GPT-4 Generates Better Ideas Than Elite College Students: Study

It’s already known that AI can be creative: it can generate poems, create art and solve puzzles. But it appears that AI can be better than some of the best human minds in being creative.

GPT-4 can generate better ideas than elite college students, a study has found. “We compare the ideation capabilities of ChatGPT-4, a chatbot based on a state-of-the-art LLM, with those of students at an elite university. ChatGPT-4 can generate ideas much faster and cheaper than students, the ideas are on average of higher quality (as measured by purchase-intent surveys) and exhibit higher variance in quality,” the paper says.

The paper tested this out by asking GPT-4 to answer a question that students at Wharton, Cornell Tech and INSEAD had previously answered:

an idea for a physical product for the college student market that would be likely to retail for less than USD 50. These students had been given this assignment prior to 2021, when ChatGPT hadn’t been released, so their answers were human-created.
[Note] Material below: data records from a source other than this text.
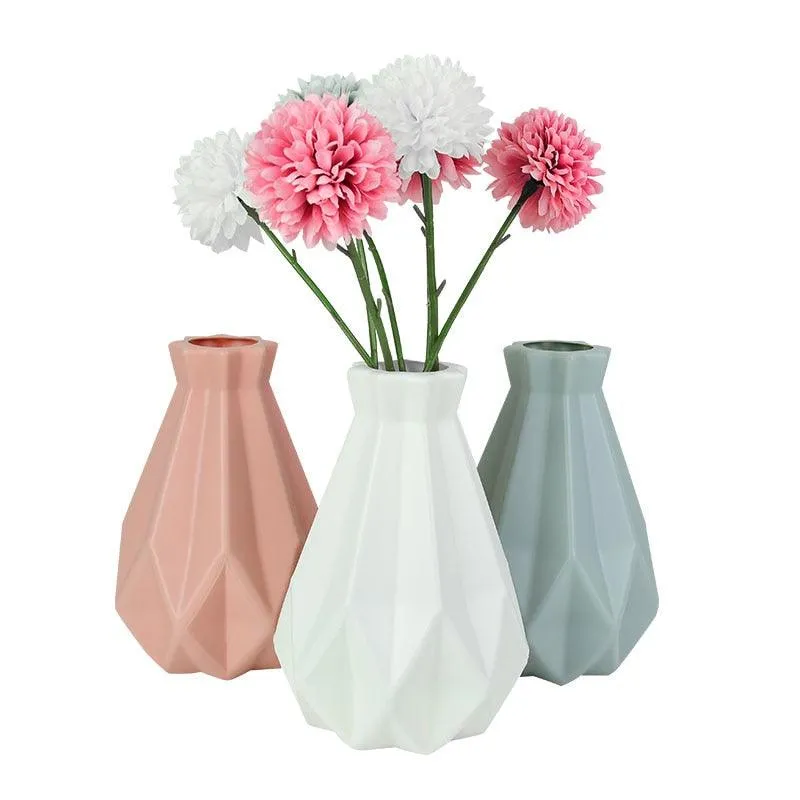 Contemporary Flower Vase
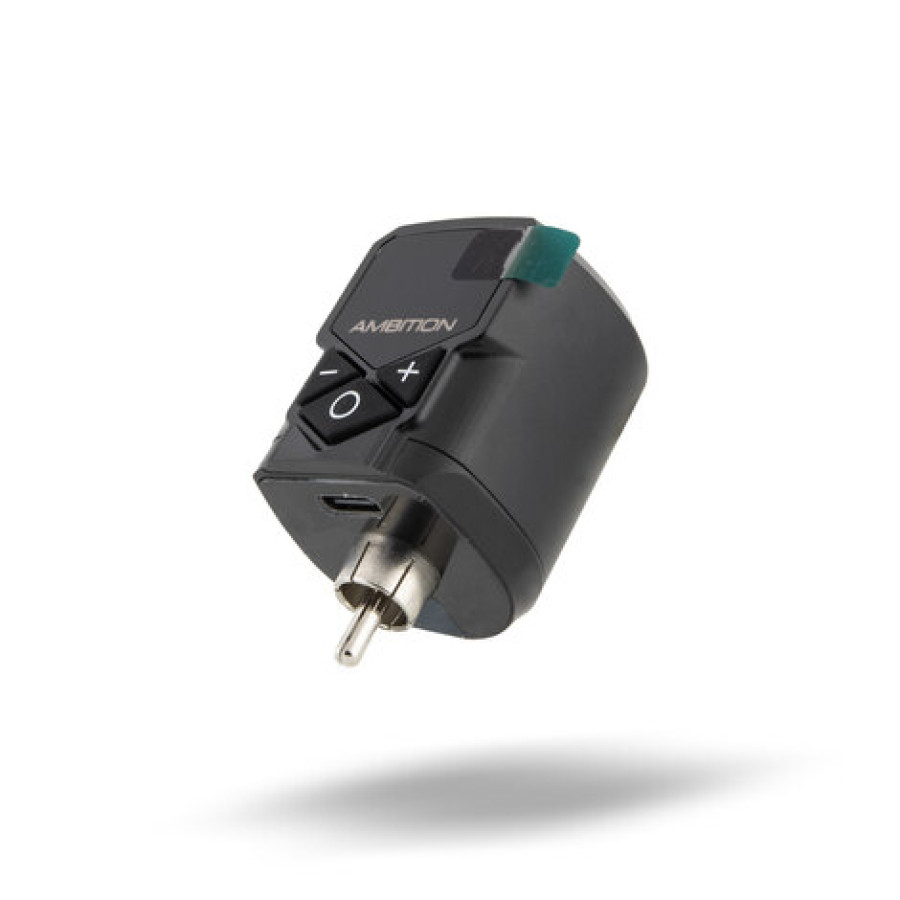 Ambition Kuark Mini Wireless RCA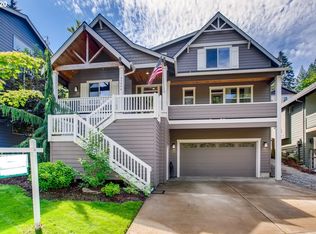 35906 Chinook St, Sandy, OR 97055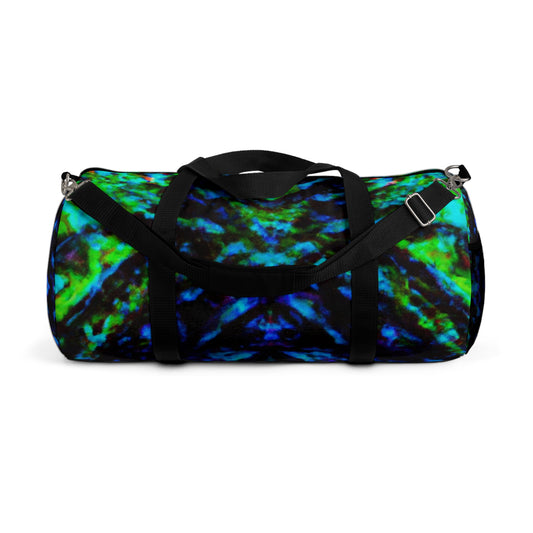 Jethro Tull (1664–1741)-Duffle Bag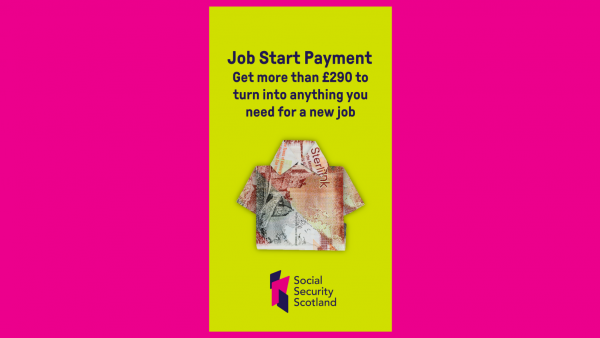 Job Start Payment 9x16 graphic (DOWNLOAD)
The researchers then got GPT-4 to generate responses, first by simply asking them question, and also by giving a few examples of good ideas.

This was the prompt they gave to GPT-4: “You are a creative entrepreneur looking to generate new product ideas. The product will target college students in the United States. It should be a physical good, not a service or software. I’d like a product that could be sold at a retail price of less than about USD 50. The ideas are just ideas. The product need not yet exist, nor may it necessarily be clearly feasible. Number all ideas and give them a name. The name and idea are separated by a colon.” GPT-4 replied with ideas of its own.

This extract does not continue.